2012-12-15 00:00:00

Dersim konusunda iddiaları ortaya atan Hüseyin Aygün’ün de çark etmesiyle CHP’liler tekrar eski anlayışlarına döndü ve kabuklarına kapandılar. Kılıçdaroğlu’nun meseleyi geçiştirmeye çalışması ve “yandan cevapları” ile geçen haftadan beri gündemi meşgul eden tartışma eski hale dönüşü akla getiriyor ama güneş daha ne kadar süre balçıkla sıvanacak bilinmiyor.

Klasik dindar camia da bu arada konuyu ısrarla gündemde tutuyor. Ama şunu farklı her kesimin bilmesi gerekir. Ötekinin sorunlarına sadece siyasi açıdan zamanın, dönemlerin farklılığına göre değinmek çok hoş bir durum değildir. 12 Eylül öncesi Alevi, Sünni gerilimi yaşanırken ve kamplaşma varken kimse Dersim’lilere yapılanları gündeme getirmiyordu. Hak kuruluşları öteki olan ile ilgilendiği zaman dindar camiada ötekileşmek ile suçlanırdı ve kimse ses çıkarmazdı. Şimdi katliamın korkunçluğunu gündeme getirmek kolay bir iştir. Önemli olan ayrımcılığın toplumda herkesin iliklerine kadar hissettiği günlerde ötekine yapılanı gündeme getirebilmektir.

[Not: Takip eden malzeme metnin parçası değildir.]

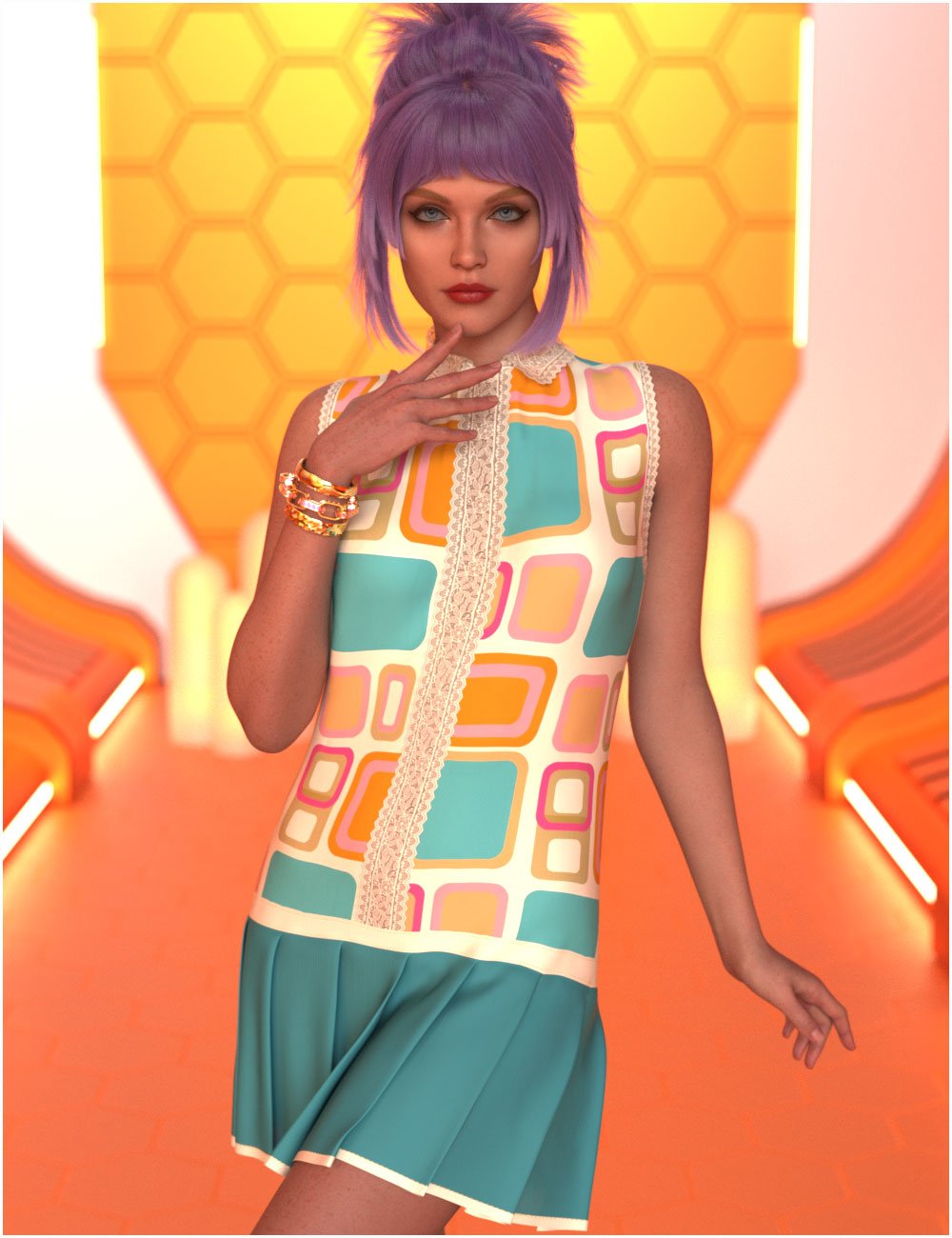 dForce Spencer Dress For Genesis 9 by: Belladzines, 3D Models by Daz 3D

Devlet Bahçeli ise özür konusundaki tavra çok sert tepki göstererek Türk milliyetçiliği anlayışının nerede durduğunu gösterdi. Türk milliyetçileri ile ulusalcılık paydası altında ittifaklar yapanların bu tavrı unutmaması gerekiyor. Klasik CHP'liler ise “ayaklanmışlarsa bedelini de öderler” diyerek çocukların bile vahşice katledişldiği bir katliamı mazur göstermeye çalıştılar.

Aleviler ise halen tartışmayı genel olarak görmezden geliyor. “Evet bize yapılanlar doğruydu, ama bunun yerine başka dala tutunsak bunun güvenilirliği ne kadardır” diyorlar. Haksız değiller. Ama bu at gözlüğü takmayı da gerektirmiyor. Hangi inançtan olursanız olun üzerinizdeki siyasi hesapların piyonu haline getiriliyorsanız bu durup düşünülmesi gereken bir durumdur. Alevileri sol, Sünnileri sağ istismar etmişse bunun böyle devam etmemesi gerektiğini herkes bilmelidir. 28 Şubat ve Ergenekon davası döneminde sistemin payandası haline getirilmiş olmak Alevilere hiç bir şey kazandırmadı. Ama bu sağlamcı, garantici tavrı çok küçümsememek gerekir. Kendinizi azınlık gibi görüyorsanız mutlaka bir yerlere yaslanmak zorunda hissedersiniz kendinizi. Önemli olan ise Sünni dindar topluluktur. Ötekileme ve dışlama tavrından vaz geçtiğini beyan edecek olan çoğunluktur.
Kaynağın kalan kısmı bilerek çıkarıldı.